Allison Larkin is a Tour Director for International Seminar Design (ISDI) in Washington, D.C. She joined the ISDI team in 2007 after spending three years in Japan as a high school English teacher. She is fluent in Spanish, French, Portuguese, and Japanese and has lived in Spain, France, and Japan. Her love of foreign cultures and travel has taken her all over Europe, Asia, and Latin America. Click here to read more about Allison.
Since I was young, my stereotypical images of Spain were of sandy beaches scorching under the Andalusian sun, dark-haired flamenco dancers enveloped in enviable multicolored layered skirts, and lazy afternoons of long meals and even longer siestas. But when I ventured to the Basque Country of northern Spain with Smithsonian Journeys, I was lucky enough to discover a different Spain, intrinsically distinct from the one a typical traveler might encounter.
The Basque Country is unlike any region I’ve visited, and this particular adventure would take us through the contemporary arts of Bilbao’s Guggenheim, the vine-clad valleys and hills of La Rioja, and into the seaside town of San Sebastian. But the highlight was traveling through the green, sinuous valleys and pine forest where Basque sculptor and artist, Agustín Ibarrola, has his home, studio, and enigmatic Bosque Pintado (Painted Forest).
We departed Bilbao in the morning and drove through winding mountains and valleys to reach Agustín’s home. Gazing through the coach windows at the ever-changing landscape, I had that exhilarating vibe that I always get when exploring an unspoiled destination off the beaten track, and I could tell that my fellow travelers felt the same excitement. When we arrived, Agustín and his wife greeted us in the driveway as if we were all old friends, welcoming us into their home to show us Agustín’s atelier (studio).
The wooden, two-story courtyard-style studio was an artist’s and art-lovers’ haven—tall canvas paintings and drafts were stacked high in the corners and lined every wall, various metal sculptures and models were placed on every tabletop, artist’s tools and materials were scattered throughout. There was even a series of shelves dedicated to the random pieces of art made from common everyday items and materials. We spent our time meandering through the studio, admiring his pieces and asking questions about each intricate work of art. I loved the climate in Agustín’s home. It was a warm and welcoming center of creativity and curiosity, and we all felt like we had been gifted a glimpse into another world.

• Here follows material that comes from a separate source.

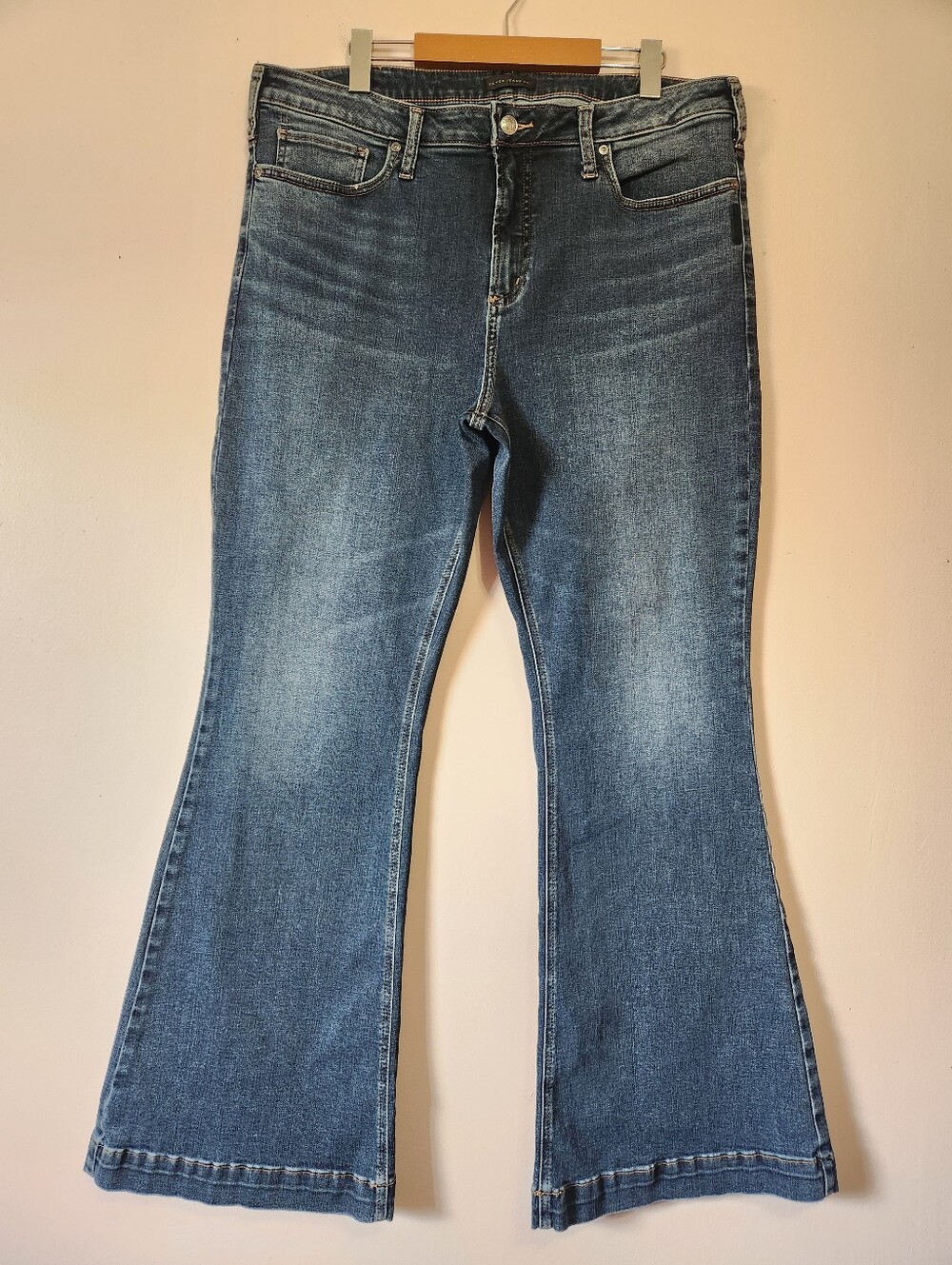 Silver Jeans Co. High Note Flare High Rise Western Denim Size 16 EUC Rodeo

The journey continued from Agustín’s house to his Bosque Pintado, a work of art set in plain nature. In the middle of a Basque Country pine forest at the peak of a small mountain, Agustín utilizes the earth and her trees to present his inspiration. One of Agustín’s many gifts is his capability to create optical illusions in his work by alternating various shapes, colors, and shading. When you look at one of his pieces, you cannot tell which tones are dominant nor can you differentiate between the background or foreground of the installation. When you look closely, you can find this common theme in many of his pieces, in fragments or as complete works.

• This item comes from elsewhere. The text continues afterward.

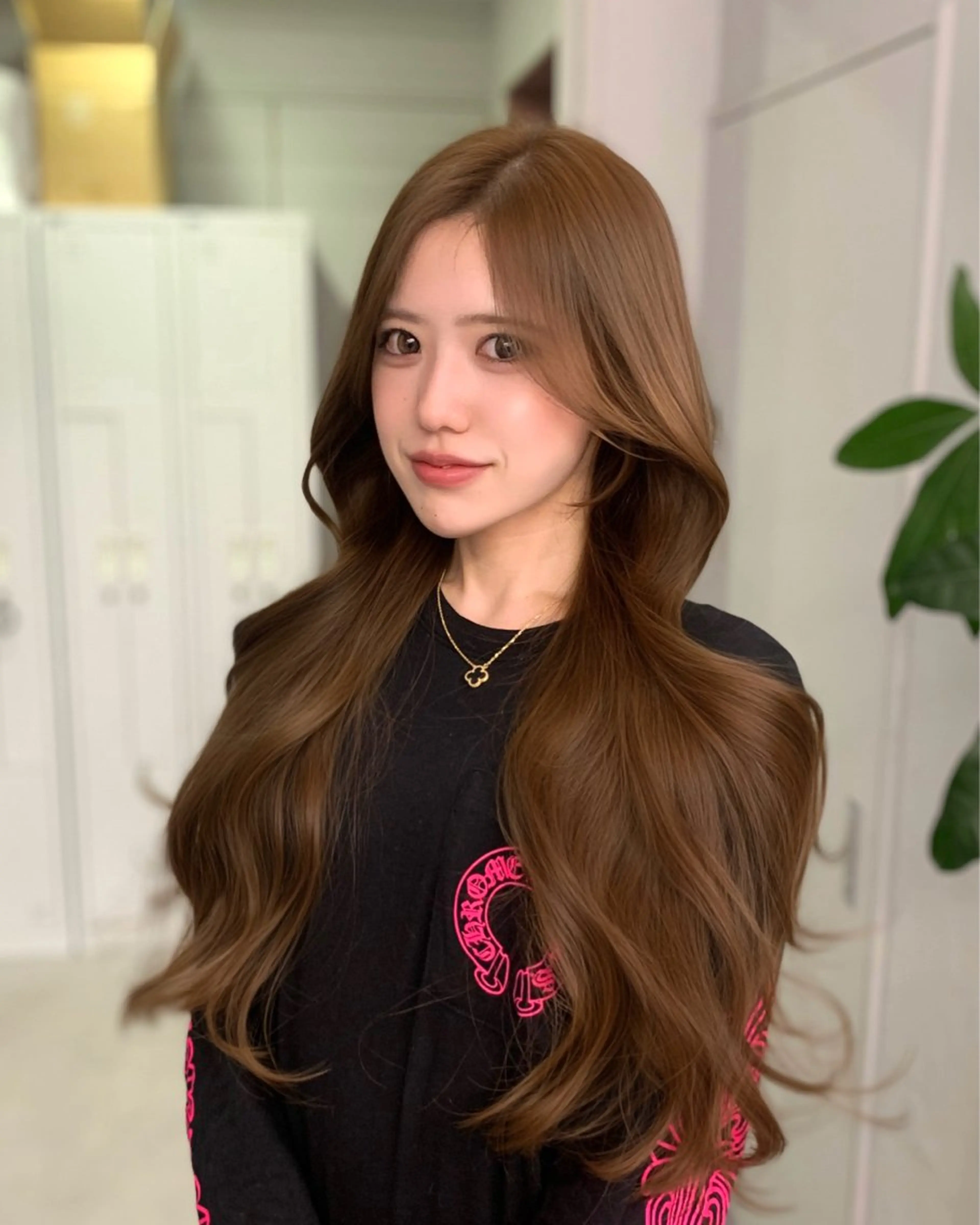 ロング カット ヘアカラー トリートメント shes茶屋町アリサ 🎀顔周り×韓国風のヘアスタイル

When you enter the forest, you only encounter a handful of colors painted on the trees. But as the forest magically draws you in deeper, you find intense, vibrant paintings throughout the forest that when viewed from certain angles and distances, represent panoramic images. We had all commenced the trek into the forest as a group, but my fellow adventurers gradually broke off, individually drawn toward different sections of the Bosque Pintado.

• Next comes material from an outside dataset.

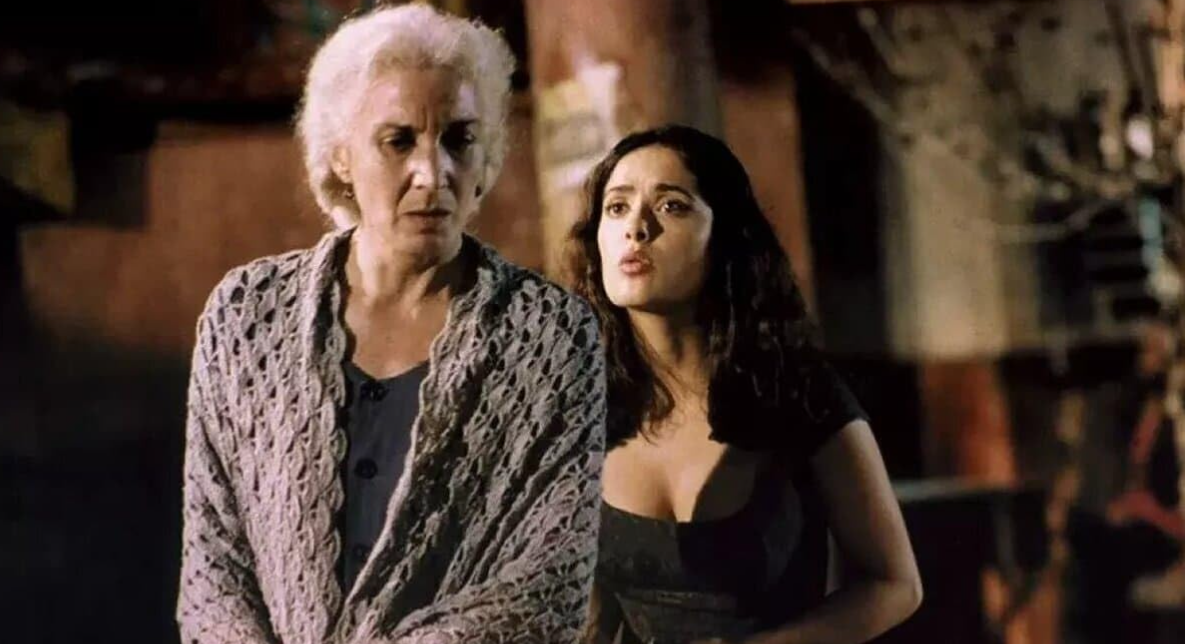 Marisa Paredes e Salma Hayek em "Ninguém Escreve ao Coronel" (1999) • Divulgação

As I hiked further along, I recognized the profundity of Agustín’s creativity. I thought that I had reached the end of his exhibition when one adventurous Smithsonian traveler flagged me down to where she had descended over a shallow bank to see more of Agustín’s paintings. I couldn’t resist and found myself sliding down the muddy embankment to get a better look. She had come across an angle that exposed not one series but a multitude of Agustín’s correlating series. Not only was it an incredible vision, so was our timing! The late morning sun shone through various gaps of the pine trees and the wind was blowing gently enough at that very moment to create slow-moving shadows over the bright red, green, and purple emblems, all in the quiet of the isolated forest.
We walked slowly and in silence back to our bus, each of us reviewing our experience of art convening with nature, nature convening with art. It was then that I was remembered our Basque guide had told us that lighting in northern Spain is darker than anywhere in the country. For me, on that particular day in the Basque Country, it felt brighter than anywhere else in the world.